= Party of National Unity (Fiji) =

Political party in Fiji

The Party of National Unity (better known by its acronym of PANU) was a Fijian political party founded by Ratu Sairusi Nagagavoka in 1998; by the time of the military coup of 2006, Nagagavoka remained the President of the party. A well-known member of the party was Apisai Tora. Presenting itself as a multiracial party representing the interests of Ba Province in particular, it formed part of the Fiji Labour Party-led People's Coalition in the general election of 1999, and won four seats in the House of Representatives. It lost all of its seats in the following election, in 2001, but party stalwart Ponipate Lesavua was appointed to the Senate as one of 8 nominees of Opposition Leader Mahendra Chaudhry.

==Merger with BKV==
PANU's chief rival for support in Ba Province was the Protector of Fiji, better known locally as Bai Kai Viti (BKV), with which it merged in 2004 to form the People's National Party (PNP). Following the completion of the merger, PANU and the BKV were both formally deregistered on 23 August 2005.

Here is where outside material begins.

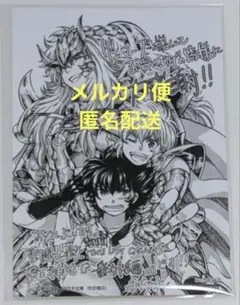 聖闘士星矢 THE LOST CANVAS 冥王神話 外伝14巻アニメイト特典 - メルカリ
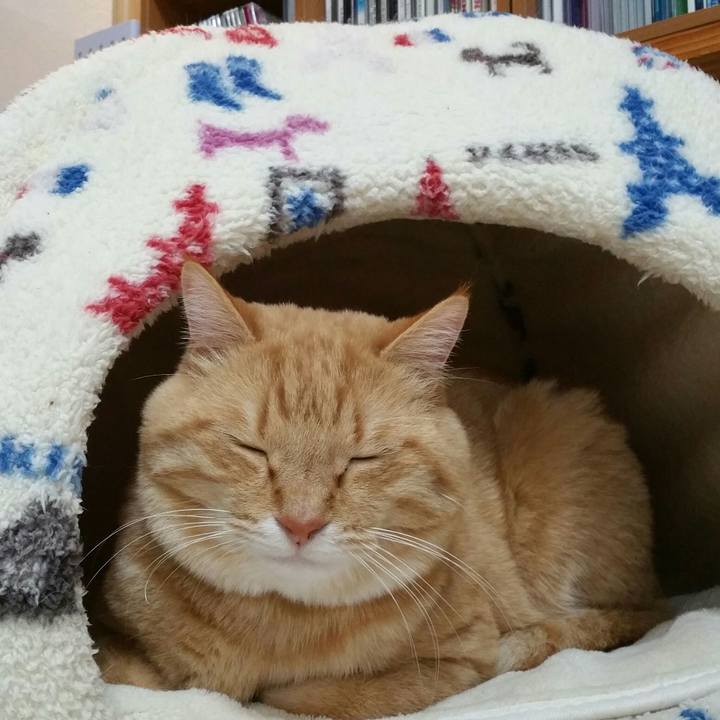 86648a3e 202d 41f1 8904 95ae6881e7d0 1514378126617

===Reregistration of PANU===
Not all PANU supporters were happy about the party's dissolution, however, or about the decision of the merged party to participate in the Grand Coalition Initiative Group, an electoral coalition of ethnic Fijian parties seeking to present a united front for the forthcoming election, scheduled for August or September 2006. On 25 November 2005, Lesavua announced that in response to public demand, he and a number of others were spearheading attempts to revive the party and reregister it. The necessary documents would be filed with the Elections Office within a week, Lesavua said. "The party is being revived because of the great demand from people at the grassroot level for PANU to contest the 2006 general election, he stated.

The Fiji Times reported on 11 January 2006 that Lesavua had made the necessary arrangements the previous week to reregister the party. The failed merger with the BKV had been on the basis of a promise not to enter into any racially exclusive or biased coalition. The breach of this promise was a dangerous trend amongst the majority of Fiji's political parties, Lesavua said.

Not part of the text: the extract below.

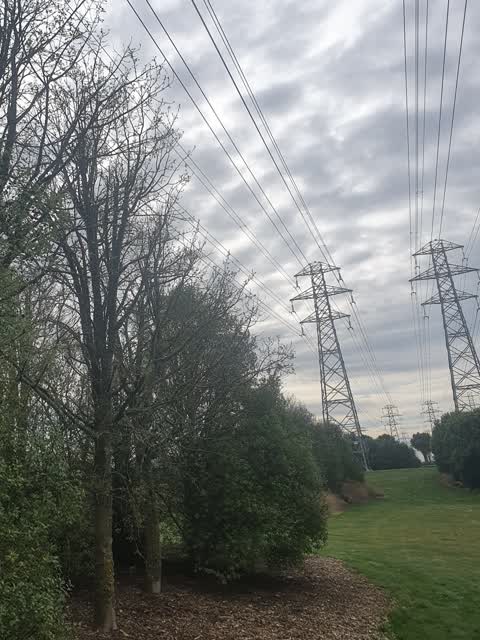Parks, a report photo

Lesavua condemned the overwhelming dominance of indigenous Fijians in the present Cabinet. "Most of those in cabinet are either Fijian or Rotuman even though our country is a multi-racial country," he complained. He said that PANU would promote the principles of justice, love, unity, and fairness, to ensure that all citizens were successful, regardless of their race, religion, or creed.

In another twist to the ongoing saga of PANU-BKV relations, Lesavua announced on 23 January 2006 that the BKV, like PANU, had seceded from the PNP and had signed an agreement to merge with PANU, in order to present a united front representing western Fiji. Lesavua also told Fiji Village that the party would be sharing preferences with the Fiji Labour Party and the National Alliance Party.

===New merger with PNP===
Fiji Live revealed on 2 March that the abortive merger of PANU with the PNP had been resurrected. Officials of the PNP and PANU had met over the weekend at the village of Sorokoba, Ba, to formalize a merger of their two parties. "In politics there are no permanent enemies and no permanent friends but we hope they understand and they will be informed of the move," PNP leader Meli Bogileka told Fiji Television. It was announced on 5 March that the BKV has also joined the re-merged party, which will contest the 2006 election under the PANU banner. Recapturing the three seats that it won in 2000 would be a priority, said Ponipate Lesavua.

Reacting to the merger, Jale Baba, campaign coordinator of the Soqosoqo Duavata ni Lewenivanua (SDL), said that it was a sad move. Establishing a party for the purpose of promoting one particular region in Parliament was "provincialism", he said.

==Towards Election 2006==
The Fiji Sun quoted Lesavua on 20 January 2006 as saying that PANU wanted to contest all parliamentary seats - Fijian, Indian, and Open - from Ba Province, and was looking for candidates who would represent all races and both genders. Younger candidates were also being sought, he said. Lesavua defended the notion of a provincial party. "Since Ba Province is the power base for the country's economy, there is a need to have a political party for the province's people," he told the Sun. On 27 January, he announced that PANU would give its first "preferences" to the Fiji Labour Party (Fiji's electoral system allows for transferable voting), and would also cooperate with the United Peoples Party and the National Alliance Party.

===Election result===
The party won at the Fiji election of 2006 1% and no seats. In July 2006, the coalition with Labour ended.

==Post 2006==
Following the military coup of 5 December 2006, the Military-backed interim government required all political parties to reregister in preparation for the 2014 elections. Only two existing political parties did so successfully; PANU was not one of them. It was consequently dissolved and its assets forfeited to the state.